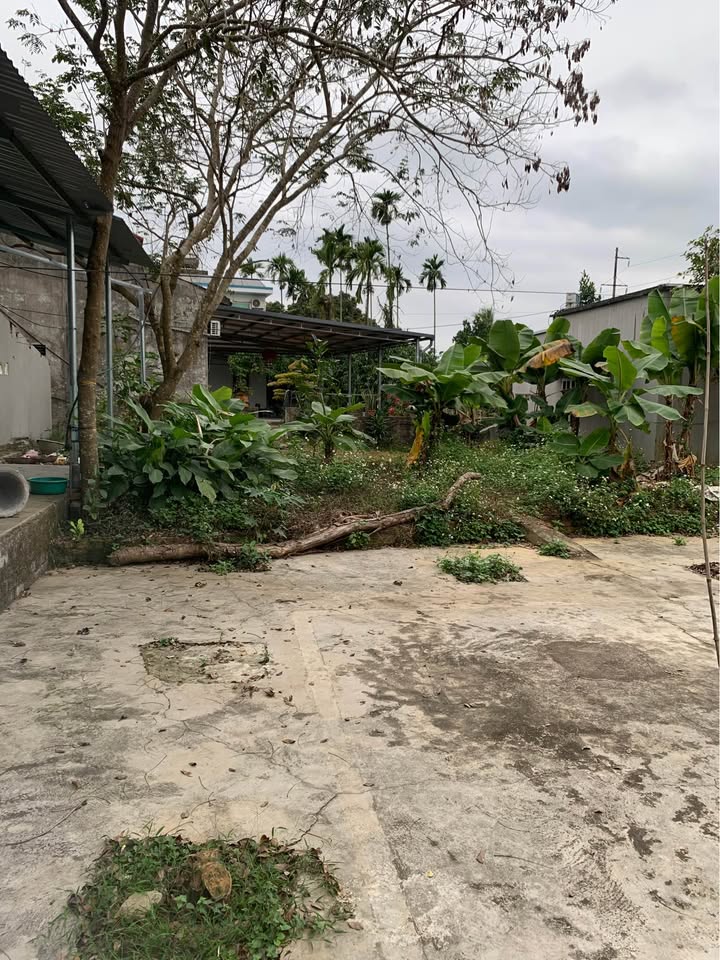 Đất nền đẹp tại số 5 Tỉnh Đội, 240m² giá 1.7 tỷ - Cơ hội đầu tư sinh lời!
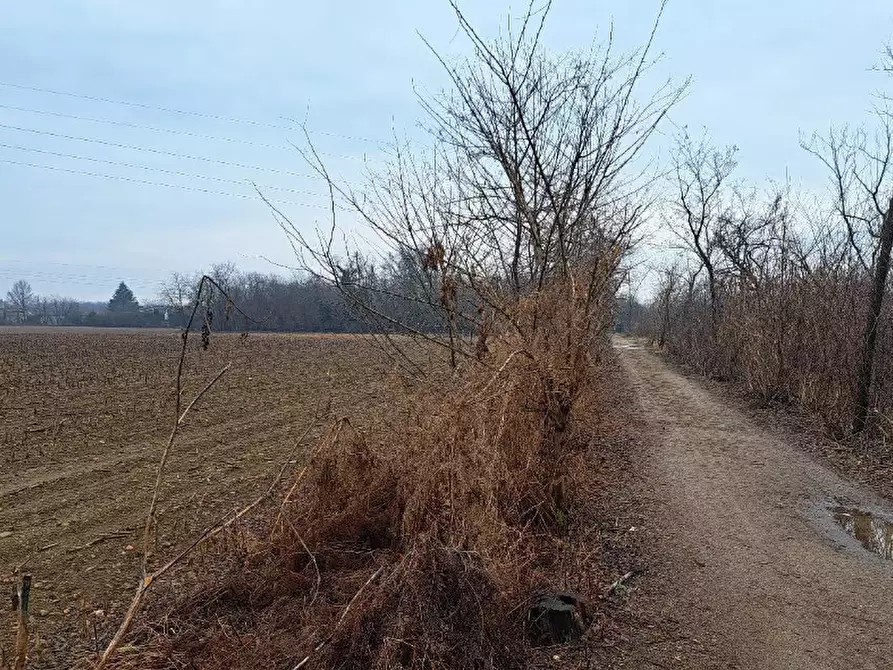 Immagine 3 di Terreno agricolo in vendita  in frazione Borsano a Busto Arsizio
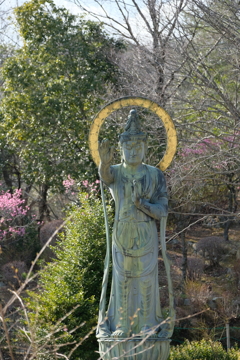 中山寺梅林公園にて2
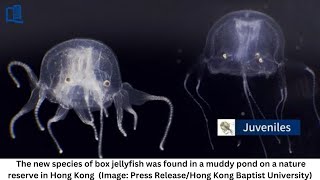 Deadly new jellyfish species with 24 eyes discovered in Hong Kong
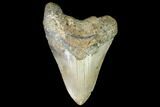 Fossil Megalodon Tooth - North Carolina #99859-1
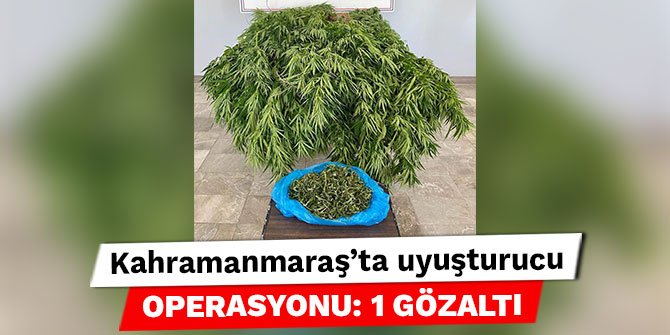 Kahramanmaraş’ta uyuşturucu operasyonu: 1 gözaltı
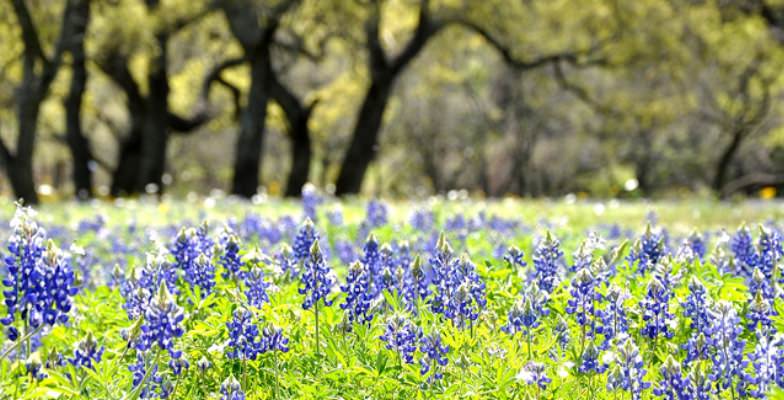 Bluebonnets in the Texas Hill County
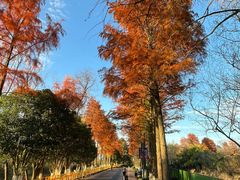 -西溪国家湿地公园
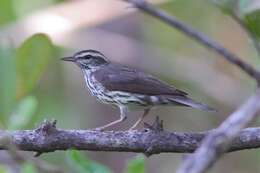 Image of Northern Waterthrush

» YOUR TASK: Leave the pictures aside and give every entry above again word for word.

» TASK RESPONSE:
 Đất nền đẹp tại số 5 Tỉnh Đội, 240m² giá 1.7 tỷ - Cơ hội đầu tư sinh lời!
 Immagine 3 di Terreno agricolo in vendita  in frazione Borsano a Busto Arsizio
 中山寺梅林公園にて2
 Deadly new jellyfish species with 24 eyes discovered in Hong Kong
 Fossil Megalodon Tooth - North Carolina #99859-1
 Kahramanmaraş’ta uyuşturucu operasyonu: 1 gözaltı
 Bluebonnets in the Texas Hill County
 -西溪国家湿地公园
 Image of Northern Waterthrush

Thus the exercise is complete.